As most of you who are reading this know, life in the UK simply isn’t much good (was it ever?). Let us not delve too deeply as to why we are all here, because we all have different, but ultimately after a few drinks, the same reasons for being here (sun, food, drink, lifestyle, all the problems at home. “Too much immigration” is the cry on the urbanizations from the largest immigrant group in Europe! Sorry I mean ex-pat)
Me and the better-half had been discussing moving here for some time and for all the same reasons, not just the booze and cigarettes this time! With two small children and living in the Capita,l there seemed to be no real future, or at least not a good one. Then I found myself on the Internet most days looking at pictures of the beautiful Costa Cálida and then glanced out of my window at London and onto a very ‘grey’ street with ‘grey’ cars, ‘grey’ buildings and ‘grey’ people and asked myself why I was there and finding no valid answer, I wondered what life there was for my children in the UK.
Everyone has a final straw and reason for emigration.
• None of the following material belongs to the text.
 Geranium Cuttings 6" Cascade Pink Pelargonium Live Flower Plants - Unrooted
Mine came one morning when I walked out of my London home in the place I grew up and saw my car dangling 8 feet in the air being towed away by the lovely people at my local council for incorrectly parking. I sighed a very long sad sigh and eventually managed to convince the man to pity me and lower the car, mainly by turning my pockets out and waving my youngest offspring in his face. I collected the £50 ticket from the windscreen, went indoors and told my wife to start stocking up on sun cream; we’re off to Spain!
Saturday 26th September arrived and we were ferry booked and ready for the off. The plan was simple! Buy a small boat for transportation of our stuff (rather than pay for removals) and trailer, which we managed to acquire from a very firm handshaking and serious, serving Colonel in the Army. The main reason we bought this boat was because it had “unsinkable” written boldly down the sides, which the Colonel happily pointed out as a main selling feature. I then pointed out that they said the same thing about the Titanic and well, we all know the story there. I won’t say too much about the purchase from the Colonel, for national security issues, but all I’ll say is he had his price and we had ours! We then, after being stared down by a battalion of gunners, happily paid his!
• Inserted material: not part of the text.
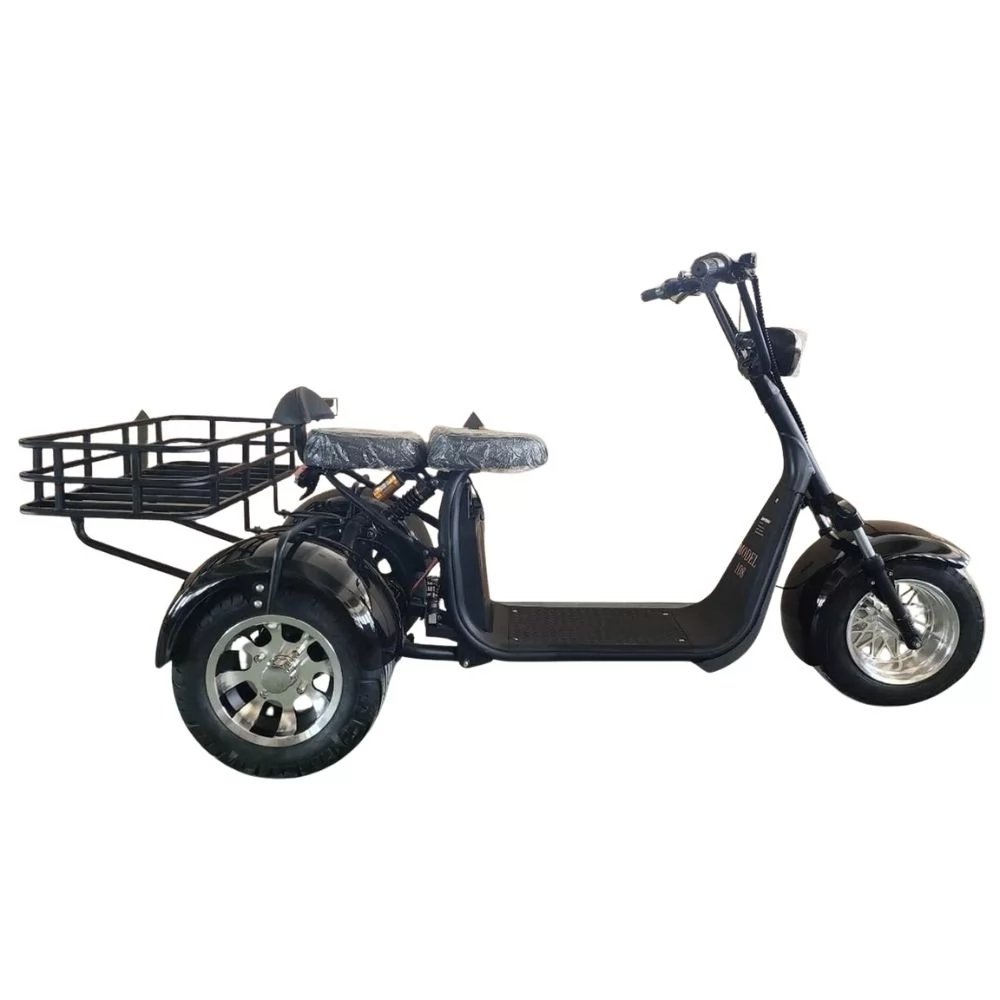 Электротрицикл Shtenli Model 108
We were to load up; my dad and I, our two ridiculous dogs (more later on them) and then take an over-night ferry from Portsmouth to Caen, or as my French friend calls it ‘kaaaw’. We then drove South non-stop to our place in Isla Plana, Mazarrón, where my wife and kids would fly in on Tuesday 29th to join us to start our happy new lives. Simple!
With kisses, waves and many tears all round I managed to pull myself together and started the slow and gentle trip out of the city towing our unsinkable bath tub carefully through the traffic. 30 yards down the road and my phone rang; it was my French friend who just waved us off. Now let me just say that he is very French with a very French accent; easy to talk to face to face with the power of lip reading, but not so easy on an old mobile phone. When I told him I was going to write a piece called the Pursuit of Happiness, he repeated it back to me and sounded as though he was in pursuit of something very different indeed (drop the “H”). I managed to get out of him that the trailer electrics had come undone and we had gone 10 feet successfully without hiccup; only 3 more countries left to drive through! After plugging it back in and sorting out the cable just at the end of our road off we went to the docks.
After the finest dinner of soggy, petrol station bought sandwiches we boarded our dreary ferry. Saying our goodbyes to the dogs, who we had to leave in the car below, I didn’t realize then how lucky they were. Foolishly I didn’t book a cabin on the boat and instead chose the cheaper “Sleeper Reclining Chairs” option. If there was ever a case for trade misrepresentation then “Sleeper Recliners” is top of the list. The ferry companies herd you into a room with 50 or so other people like cattle. Just as I got comfortable (I say this loosely), into my wooden upright, the two vacant chairs next to me were occupied by a French couple who could only be described as more Bison than human in size, smell and vocabulary. The gentleman’s stomach was so large I considered rolling up and trying to sleep in it for some time. They quickly passed out into an exhausted weighty slumber and for anyone who has heard a very large person sleep, will know the noise is a cross between a helicopter landing and very poor, but very noisy bag pipes. I spent the rest of the crossing on a cold and windy deck thinking about a warm cabin below and the best £40 I never spent.